Dans ce récit ardent sous la réserve, il y a des maisons avec des portes à franchir. Il y a le fleuve, cette Loire qui a fondé l’histoire de Michèle Desbordes et qu’elle aimait pour ses lumières et pour ses brumes. Il y a des proches qu’elle a scrupule à impliquer – mais elle assume – en les portant sur le devant de la scène : sa mère mélancolique « faite de lambeaux de sombre » le père séducteur dont elle garde l’éblouissement d’une marche dans la fraîcheur du matin, cette grand-mère « vieille depuis toujours peut-être » à laquelle sont consacrées les pages les plus bouleversantes qui se puissent consacrer à une grand-mère trop tard comprise. Il y a des souvenirs, des images, des perceptions. Le viol d’une enfant de trois ans qui aimait parler avec des étrangers et recherchera, plus tard, trace de la douceur du soldat allemand à laquelle elle s’était abandonnée. L’accident du père dont la mort, trop jeune, trouble la vision que l’on a du monde. Les rires de la maison d’en face. Cette houle du plaisir d’orgasme découvert par hasard dans l’ahurissement qu’à tant de force soit associé tant de ravissement. Des voyages pour partir sans désir d’arriver. Les regrets de ce que l’on n’a pas bien fait.

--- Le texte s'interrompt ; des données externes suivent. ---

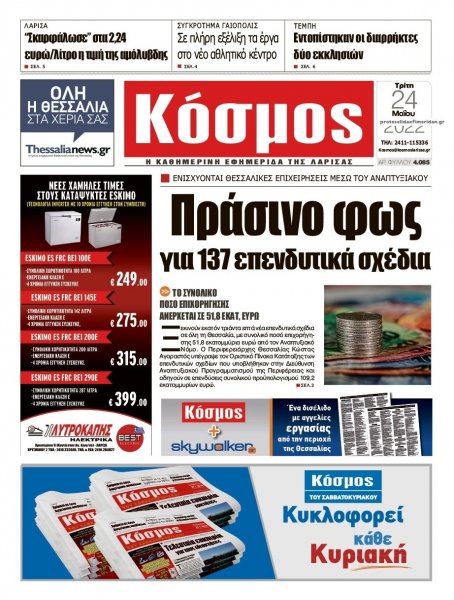 Κόσμος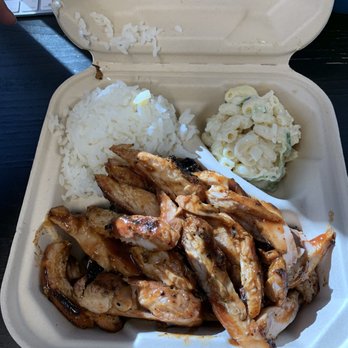 Kealoha's BBQ - BBQ Chicken Plate - Barbeque Near Me - Denver, Colorado Kealoha's BBQ - BBQ Chicken Plate - Barbeque Near Me - Denver, Colorado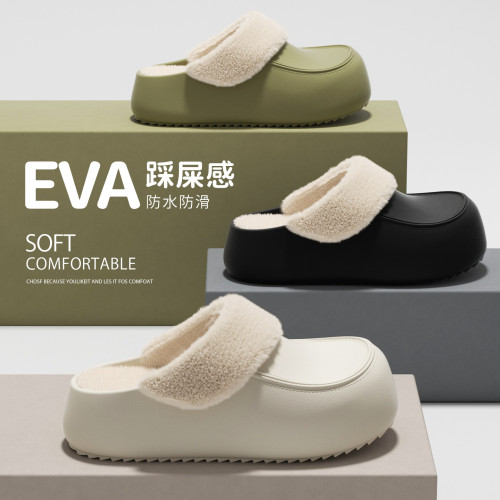 可拆卸棉拖鞋女防水秋冬季2025新款室內家居防滑厚底保暖加絨棉拖 可拆卸棉拖鞋女防水秋冬季2025新款室內家居防滑厚底保暖加絨棉拖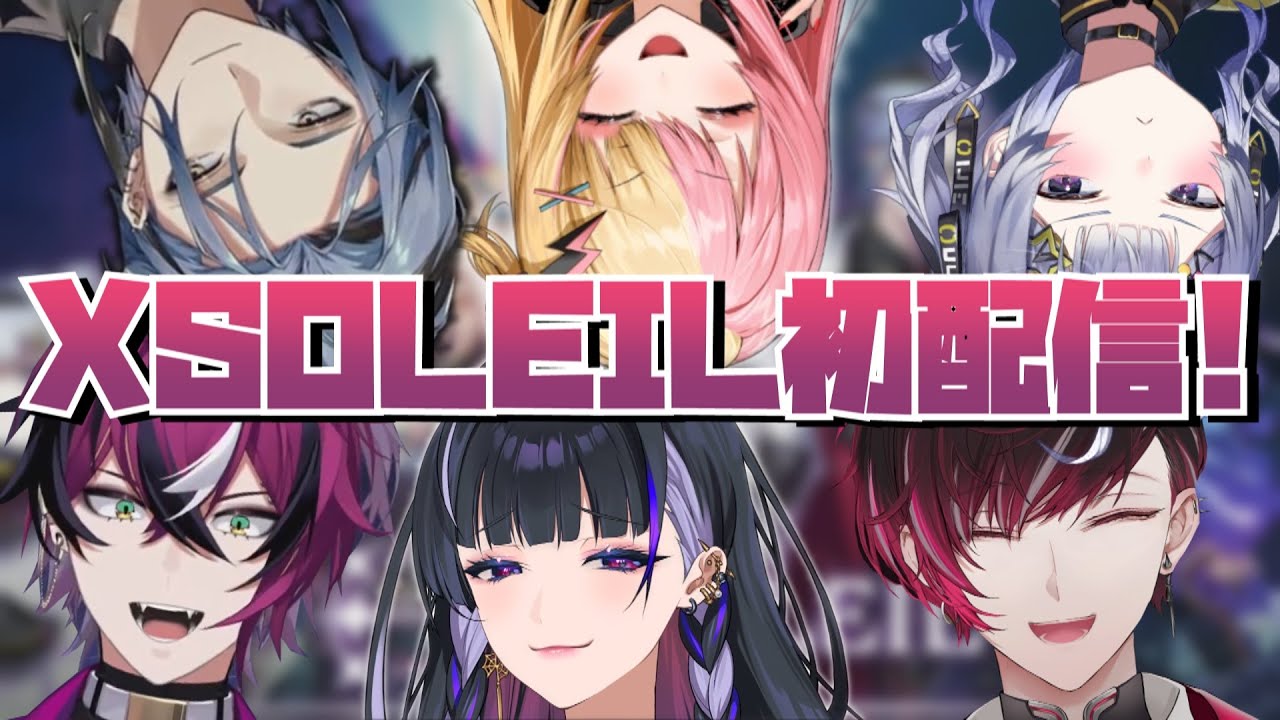 にじさんじEN新人 XSOLEIL デビューまとめ！【ドッピオ ドロップサイト/狂蘭 メロコ/ヘックス へイワイヤー/虎姫 コトカ/ヴェール ヴァーミリオン /ランザー 罪恩/にじさんじEN】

Tout est là. Esquissé. Dispersé. Réuni par la mémoire de celle qui en a vécu. Elle dit rarement noir sur blanc. Elle dit avec pudeur mais intensité, dans le pointillisme des visions et des sensations. Elle dit juste, sans complaisance ou réprobation. Il faut se laisser aller à son chant d’entre les lignes, entre les sentiments, entre les êtres. Entre lumière et ombre. Entre l’émotion de ce qu’elle fut et le chagrin qu’elle n’y soit plus.
Dans un tout petit livre qui accompagne la sortie de celui-ci, Michèle Deshordes a rassemblé sept vies d’artistes dont la quête et l’univers précédaient sans doute son propre besoin d’ailleurs. Artemisia Gentileschi, Tiepolo, Poussin, Hölderlin, Rilke, Katherine Mansfield, Cendrars précèdent ainsi, en sept esquisses poétiques, un texte rêvé à sa demande par Jacques Lederer où elle chante dans les bras de Charlie Parker qui fut son ami. On le lui lut quelques heures avant sa mort en une sorte de résonance à ce que fut cet amour de la littérature qui, en elle, se confondait avec une frémissante musicalité.